● **Exercise brief**
Would you transcribe the records below exactly, omitting every picture?

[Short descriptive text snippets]
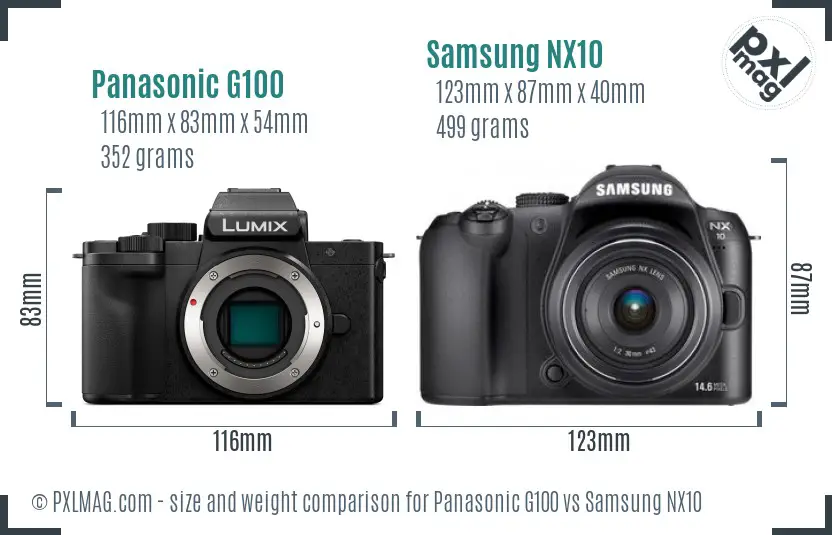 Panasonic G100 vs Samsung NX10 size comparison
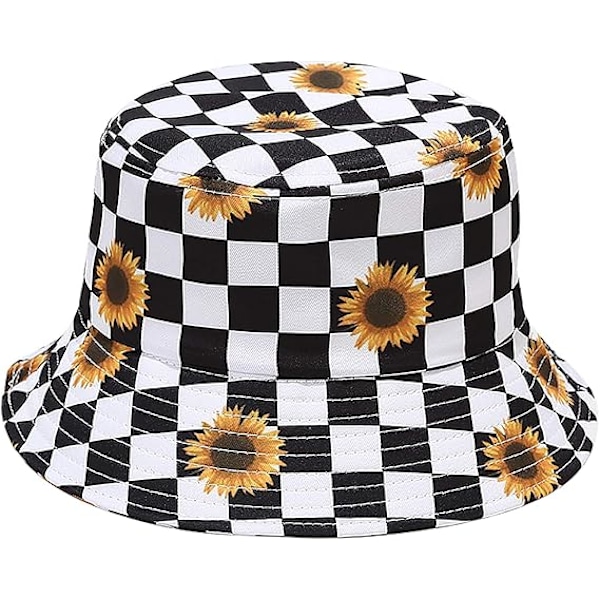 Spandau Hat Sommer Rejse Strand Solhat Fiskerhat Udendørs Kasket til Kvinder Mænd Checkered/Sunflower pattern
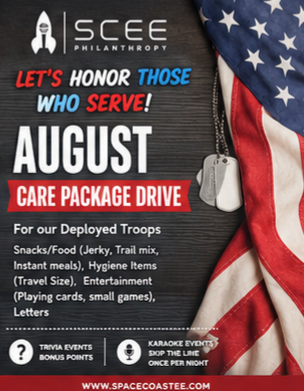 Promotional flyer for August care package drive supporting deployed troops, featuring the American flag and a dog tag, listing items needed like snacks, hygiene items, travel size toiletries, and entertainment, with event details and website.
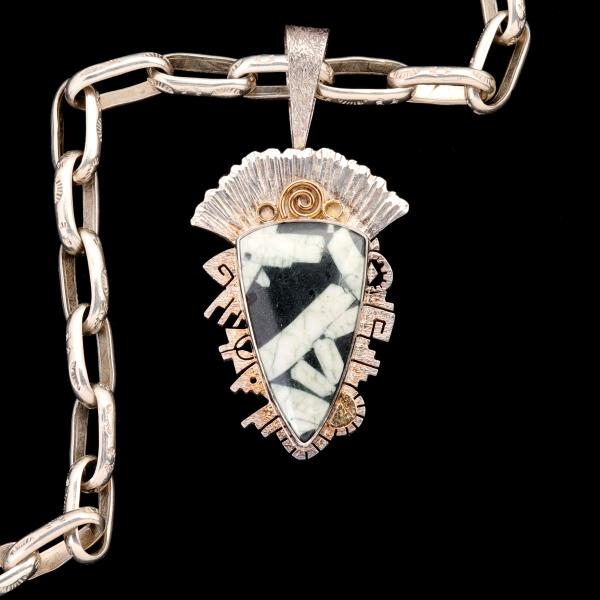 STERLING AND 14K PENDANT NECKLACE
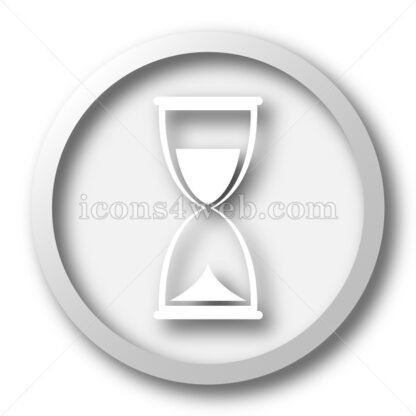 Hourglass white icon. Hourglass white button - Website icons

● **Result for this task**
 Panasonic G100 vs Samsung NX10 size comparison
 Spandau Hat Sommer Rejse Strand Solhat Fiskerhat Udendørs Kasket til Kvinder Mænd Checkered/Sunflower pattern
 Promotional flyer for August care package drive supporting deployed troops, featuring the American flag and a dog tag, listing items needed like snacks, hygiene items, travel size toiletries, and entertainment, with event details and website.
 STERLING AND 14K PENDANT NECKLACE
 Hourglass white icon. Hourglass white button - Website icons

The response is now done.